## RECORDS SHOWN
:::::
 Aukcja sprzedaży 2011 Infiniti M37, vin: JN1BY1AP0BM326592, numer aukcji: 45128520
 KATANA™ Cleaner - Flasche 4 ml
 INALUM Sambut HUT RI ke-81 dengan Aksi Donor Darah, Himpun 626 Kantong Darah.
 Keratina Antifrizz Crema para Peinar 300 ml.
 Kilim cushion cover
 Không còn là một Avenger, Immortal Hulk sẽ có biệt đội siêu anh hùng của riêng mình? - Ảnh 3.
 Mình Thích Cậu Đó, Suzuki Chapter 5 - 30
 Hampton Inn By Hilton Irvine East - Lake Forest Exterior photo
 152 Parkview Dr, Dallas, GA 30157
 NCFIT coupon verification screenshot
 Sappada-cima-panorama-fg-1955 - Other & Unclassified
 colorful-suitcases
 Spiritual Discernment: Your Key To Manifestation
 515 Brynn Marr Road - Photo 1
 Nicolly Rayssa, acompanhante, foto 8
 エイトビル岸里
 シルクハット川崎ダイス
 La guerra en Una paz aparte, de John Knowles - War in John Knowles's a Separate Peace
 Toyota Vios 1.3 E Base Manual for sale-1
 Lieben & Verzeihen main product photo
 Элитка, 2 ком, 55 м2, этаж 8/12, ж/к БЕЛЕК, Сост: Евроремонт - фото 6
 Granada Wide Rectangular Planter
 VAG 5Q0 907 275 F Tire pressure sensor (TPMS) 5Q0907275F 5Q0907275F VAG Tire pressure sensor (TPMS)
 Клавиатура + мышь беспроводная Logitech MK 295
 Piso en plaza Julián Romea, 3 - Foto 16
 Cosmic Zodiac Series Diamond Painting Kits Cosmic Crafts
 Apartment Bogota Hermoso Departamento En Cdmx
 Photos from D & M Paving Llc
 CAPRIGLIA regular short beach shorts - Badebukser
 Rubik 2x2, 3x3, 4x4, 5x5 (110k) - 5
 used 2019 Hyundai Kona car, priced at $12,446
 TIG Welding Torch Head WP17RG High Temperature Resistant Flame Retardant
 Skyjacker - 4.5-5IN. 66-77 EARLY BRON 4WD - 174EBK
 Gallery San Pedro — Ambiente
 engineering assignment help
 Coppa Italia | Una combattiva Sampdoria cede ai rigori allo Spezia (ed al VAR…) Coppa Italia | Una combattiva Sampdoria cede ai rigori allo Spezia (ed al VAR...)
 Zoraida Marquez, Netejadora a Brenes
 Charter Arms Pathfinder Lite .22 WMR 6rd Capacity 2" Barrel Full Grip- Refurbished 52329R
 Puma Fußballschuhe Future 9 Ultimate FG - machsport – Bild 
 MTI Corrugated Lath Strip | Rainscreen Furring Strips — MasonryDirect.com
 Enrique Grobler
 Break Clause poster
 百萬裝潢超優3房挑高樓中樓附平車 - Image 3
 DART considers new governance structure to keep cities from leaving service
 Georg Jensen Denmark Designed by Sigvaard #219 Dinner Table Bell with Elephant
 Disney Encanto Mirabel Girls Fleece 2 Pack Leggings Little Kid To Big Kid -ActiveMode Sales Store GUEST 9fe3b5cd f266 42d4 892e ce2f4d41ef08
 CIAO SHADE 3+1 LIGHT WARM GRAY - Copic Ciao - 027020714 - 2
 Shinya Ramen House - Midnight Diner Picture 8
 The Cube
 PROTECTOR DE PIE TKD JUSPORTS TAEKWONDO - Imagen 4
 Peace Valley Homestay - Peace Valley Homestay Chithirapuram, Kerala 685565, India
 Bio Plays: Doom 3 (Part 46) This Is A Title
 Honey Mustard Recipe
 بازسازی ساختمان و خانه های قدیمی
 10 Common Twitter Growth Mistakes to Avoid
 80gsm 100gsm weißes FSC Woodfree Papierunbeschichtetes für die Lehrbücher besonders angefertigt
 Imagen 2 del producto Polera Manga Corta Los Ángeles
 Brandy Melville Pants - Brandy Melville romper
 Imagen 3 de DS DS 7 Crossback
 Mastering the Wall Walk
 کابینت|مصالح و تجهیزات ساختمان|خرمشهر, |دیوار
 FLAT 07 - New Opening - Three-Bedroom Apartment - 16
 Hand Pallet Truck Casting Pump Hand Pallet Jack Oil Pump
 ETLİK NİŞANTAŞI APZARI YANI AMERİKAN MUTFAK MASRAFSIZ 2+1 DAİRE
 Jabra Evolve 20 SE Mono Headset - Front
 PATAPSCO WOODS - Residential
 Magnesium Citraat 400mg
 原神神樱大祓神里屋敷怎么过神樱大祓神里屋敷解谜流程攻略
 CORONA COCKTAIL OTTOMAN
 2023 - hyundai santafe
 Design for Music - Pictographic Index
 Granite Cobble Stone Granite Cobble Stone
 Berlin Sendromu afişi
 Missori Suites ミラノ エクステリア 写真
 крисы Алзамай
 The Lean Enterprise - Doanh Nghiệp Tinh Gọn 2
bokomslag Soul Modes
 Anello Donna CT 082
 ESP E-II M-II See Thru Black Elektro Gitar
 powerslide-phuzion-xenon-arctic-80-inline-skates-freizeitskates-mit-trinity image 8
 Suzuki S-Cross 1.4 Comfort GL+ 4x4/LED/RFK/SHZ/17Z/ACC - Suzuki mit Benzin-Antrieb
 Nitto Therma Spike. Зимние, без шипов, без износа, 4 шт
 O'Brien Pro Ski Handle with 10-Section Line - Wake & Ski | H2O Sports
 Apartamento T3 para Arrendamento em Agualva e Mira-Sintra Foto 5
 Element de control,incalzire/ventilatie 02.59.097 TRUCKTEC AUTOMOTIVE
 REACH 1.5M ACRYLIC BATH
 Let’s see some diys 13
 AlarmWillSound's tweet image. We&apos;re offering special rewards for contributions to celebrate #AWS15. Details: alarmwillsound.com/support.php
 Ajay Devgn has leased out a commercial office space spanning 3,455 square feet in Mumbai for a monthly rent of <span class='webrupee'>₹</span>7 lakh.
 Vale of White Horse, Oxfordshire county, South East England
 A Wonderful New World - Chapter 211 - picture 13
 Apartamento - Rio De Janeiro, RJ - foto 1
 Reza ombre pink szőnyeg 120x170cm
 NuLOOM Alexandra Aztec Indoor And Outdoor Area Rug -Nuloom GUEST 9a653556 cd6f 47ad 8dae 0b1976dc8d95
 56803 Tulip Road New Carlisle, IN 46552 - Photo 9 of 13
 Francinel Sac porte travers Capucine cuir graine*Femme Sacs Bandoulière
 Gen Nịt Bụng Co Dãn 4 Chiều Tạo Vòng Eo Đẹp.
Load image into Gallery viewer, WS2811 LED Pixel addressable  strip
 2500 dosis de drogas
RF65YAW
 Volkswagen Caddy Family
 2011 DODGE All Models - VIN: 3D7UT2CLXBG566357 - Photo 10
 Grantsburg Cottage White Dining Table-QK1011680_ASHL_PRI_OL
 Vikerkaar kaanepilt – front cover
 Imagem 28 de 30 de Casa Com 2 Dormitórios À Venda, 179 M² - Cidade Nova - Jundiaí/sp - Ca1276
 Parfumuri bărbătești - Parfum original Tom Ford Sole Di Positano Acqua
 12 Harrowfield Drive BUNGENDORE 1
:::::
## WHAT IS REQUIRED
Your answer should be the lines of the records that include the word "ساختمان".

## RESPONSE
 بازسازی ساختمان و خانه های قدیمی
 کابینت|مصالح و تجهیزات ساختمان|خرمشهر, |دیوار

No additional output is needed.